> ASSIGNED TASK
Look below for the line containing "철혈검가 사냥개의 회귀 175화 67". Write out that line and the rest through the last one, exactly as they appear, but without pictures.
======== GIVEN ENTRIES
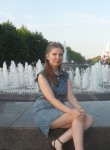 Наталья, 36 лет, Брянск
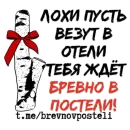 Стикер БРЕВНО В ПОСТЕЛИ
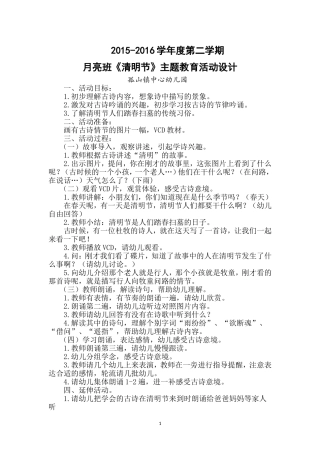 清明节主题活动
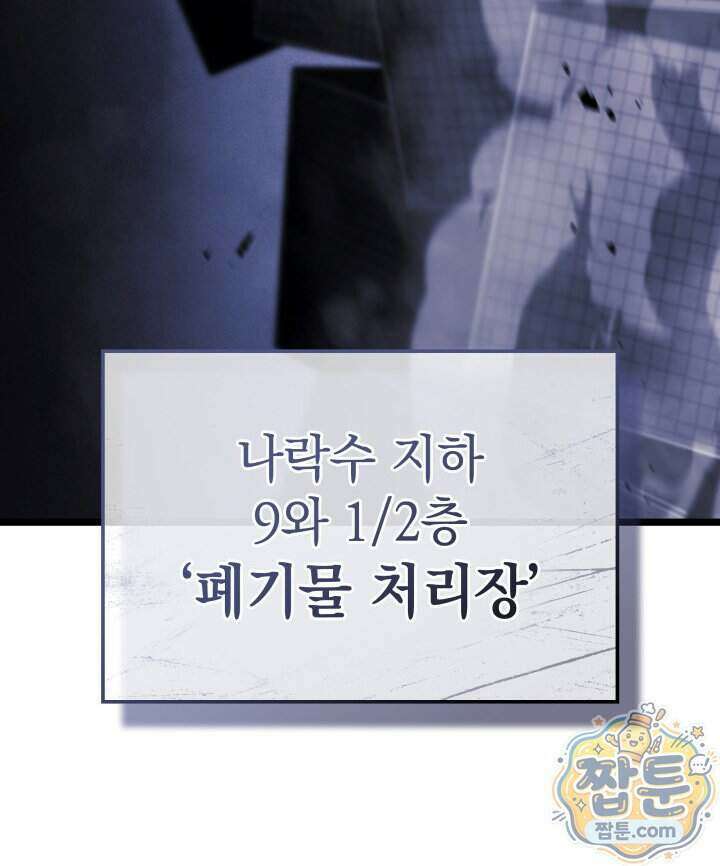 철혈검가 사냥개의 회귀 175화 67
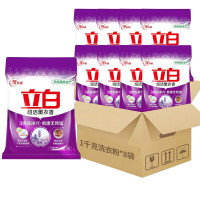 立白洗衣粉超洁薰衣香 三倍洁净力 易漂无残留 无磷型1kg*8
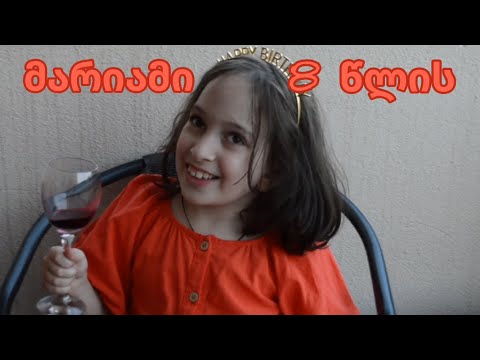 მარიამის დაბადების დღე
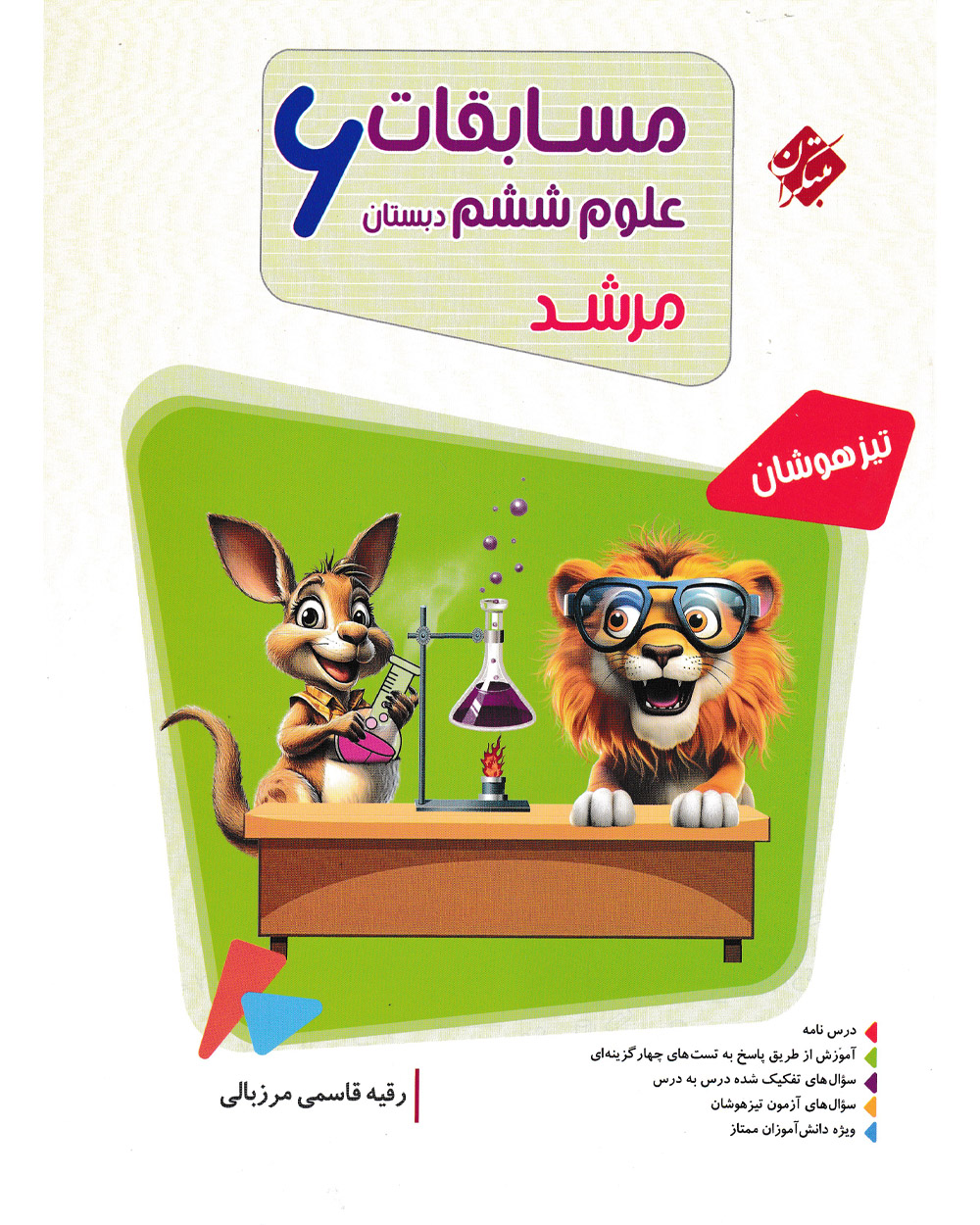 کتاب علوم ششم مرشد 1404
================
> RESPONSE AREA
 철혈검가 사냥개의 회귀 175화 67
 立白洗衣粉超洁薰衣香 三倍洁净力 易漂无残留 无磷型1kg*8
 მარიამის დაბადების დღე
 کتاب علوم ششم مرشد 1404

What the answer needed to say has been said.